At the moment, this blog is dedicated to opening people's eyes to the great range of films out there. From classics like Sherlock Jr, to modern day masterpieces like Gravity. From foreign films like Amour, to small indie miracles like Beasts Of The Southern Wild. And recently, documentaries. Today's film landed at number 19 on Empire Magazine's top 50 films of 2013. That's above Les Miserables, A Field In England, and Trance. Could it be that documentaries truly are an equally entertaining and enjoyable (as well as educational) genre of film as all our other favourites? But what is causing such a splash?
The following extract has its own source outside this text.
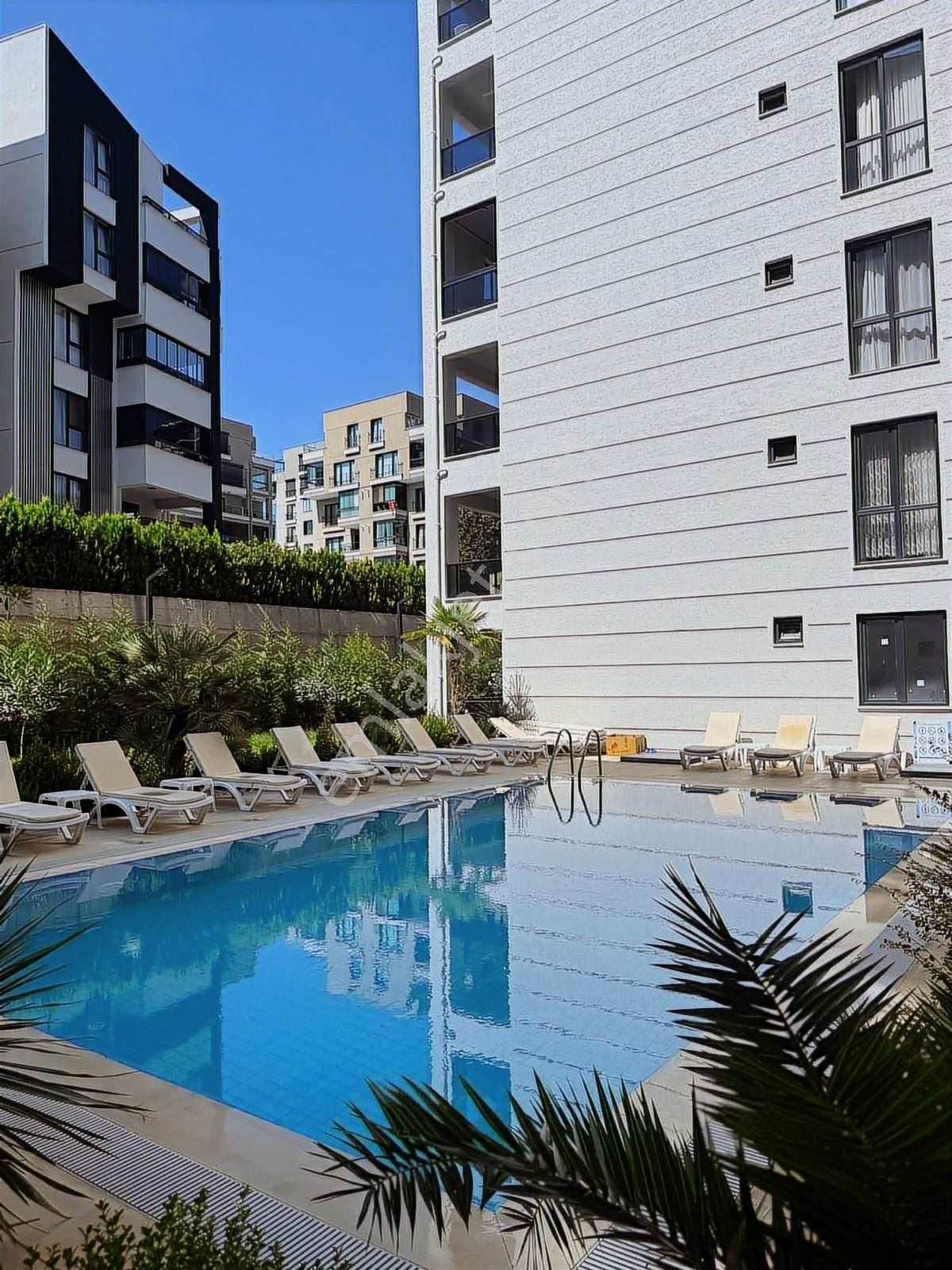 Havuzlu - Kapalı Otoparklı Sitede (sıfır) 2+1 Daire - Görsel 7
This is Blackfish.

Blackfish, directed by Gabriela Cowperthwaite, is the primarily the story of Tilikum, a killer whale, otherwise known as an orca, that performs in SeaWorld. The documentary takes us through his tale from capture as a calf, to his performances in Sealand and onwards. However, Tilikum is a whale that lives up to his species' name. After killing a trainer in Sealand, causing its closure, Tilikum moved to SeaWorld and, as they all say, history is doomed to repeat itself. But along the way, we are enlightened by fascinating interviews with former SeaWorld trainers who explain the experience of working with the mammoth mammals. They also talk about the darker side of the industry. The lies, the cover ups, the lack of information, the danger they were never informed of. Accompanying this are side stories about other whales and other trainers and even other theme parks in which whales perform. This is far more than a story of a single killer whale; this is a documentary about the nature of the creatures. How gentle they can be but also how violent. How intelligent they are, how emotional, how heartbreaking. The story of Tilikum just links it all together. 
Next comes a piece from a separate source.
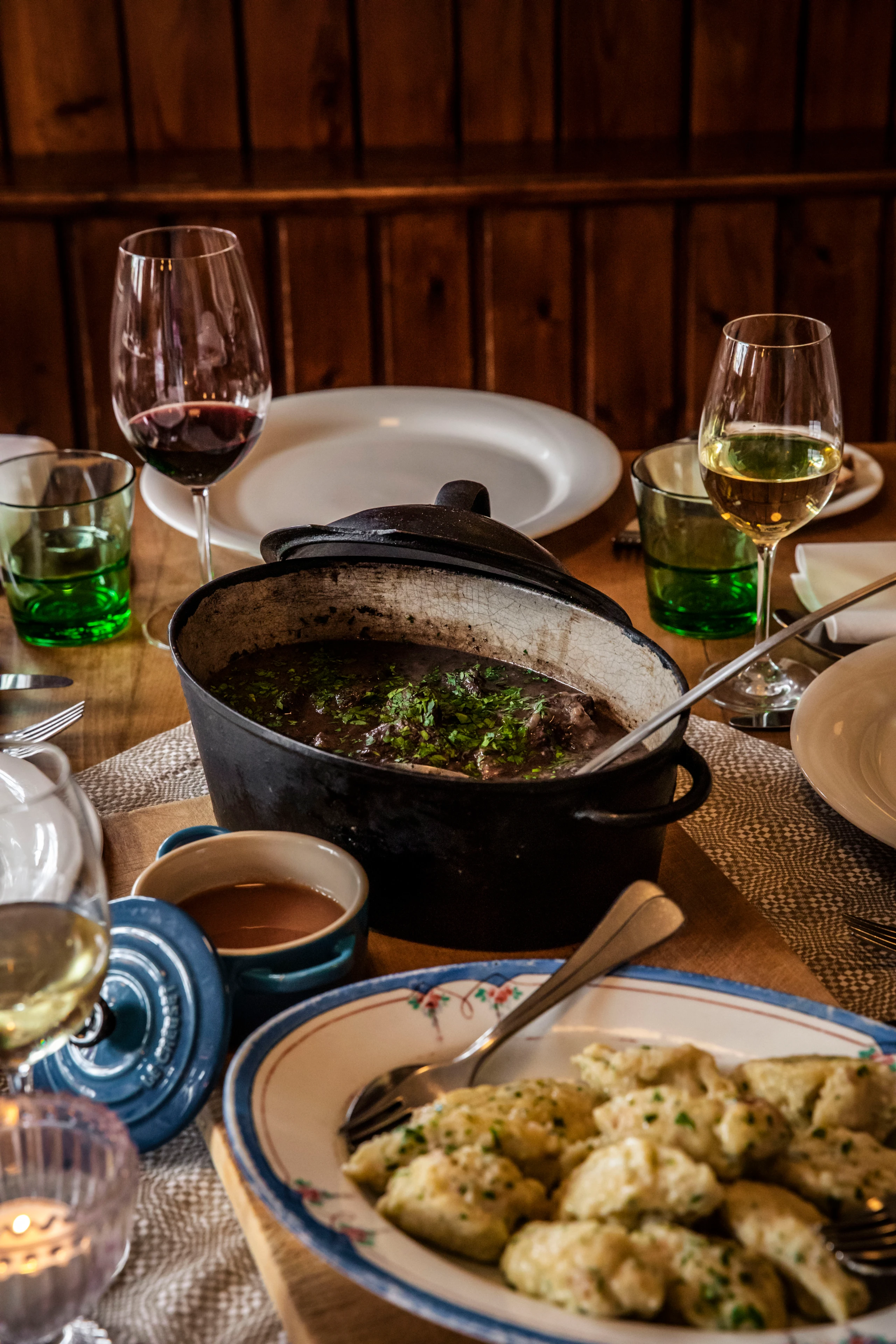 Zwiebelfleisch mit Rotwein und Rahmnockerln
SeaWorld's representatives were flipping out over the film.

Despite SeaWorld claiming that the information portrayed within in the documentary is false or misleading, Cowperthwaite seems to have done her research. Every point the film makes is backed up with either hard evidence such as videos and audio from the courts, or interviews about personal experience in the profession. The latter of which are sometimes jaw-droppingly shocking. One former trainer, Samantha Berg, points out the countless incidents of harm caused by the whales in captivity, and that she was never informed of any of them before her employment. (A shocking list of incidents involving killer whales in the wild versus captivity is available here, on good ol' Wikipedia) Eventually, the evidence is piled up against the treatment of killer whales in captivity and event heir trainers. It becomes somewhat of a horror in the truest sense of the word: what it presents can only be described as horrifying.

They just have a whale of a time.

What Blackfish excels in is its editing. It masterfully paces the way it reveals information throughout its runtime. Revealing its main premise early on and then going back to the beginning, the shocking story of a trainer killing killer whale becomes a terrifying tale of the mistreatment of animals and a new insight into the corruption of greed and power. What seems like a 'look how scary nature is' documentary turns out to ask a bigger question: who is the real monster - man or beast? Cowperthwaite includes video footage that documents the incredible abilities of the trainers and their professionalism around the animals, but also the beautiful and majestic nature of the whales, from their friendliness, to their grief, to their aggression, even in front of an audience. They are used to tell stories and emphasise points, and, in both instances, they help develop the grand scale of shocking information that gets presented.

If Super Size Me put you off McDonalds, Blackfish will likely taint the childhood memories you have of seeing Shamu diving into the air, trainer standing on her nose. Your inner Greenpeace warrior will come out, if only to go after the SeaWorld cooperation that so willingly risked human and animal wellbeing for a few more dollars. A terrifyingly shocking piece of cinema. A real eye opener.

Best Bit? Perhaps should be called worst bit. There is plenty of video footage of orca 'accidents' happening. These moments you simply pray for the trainers, but also feel sorry for the whales.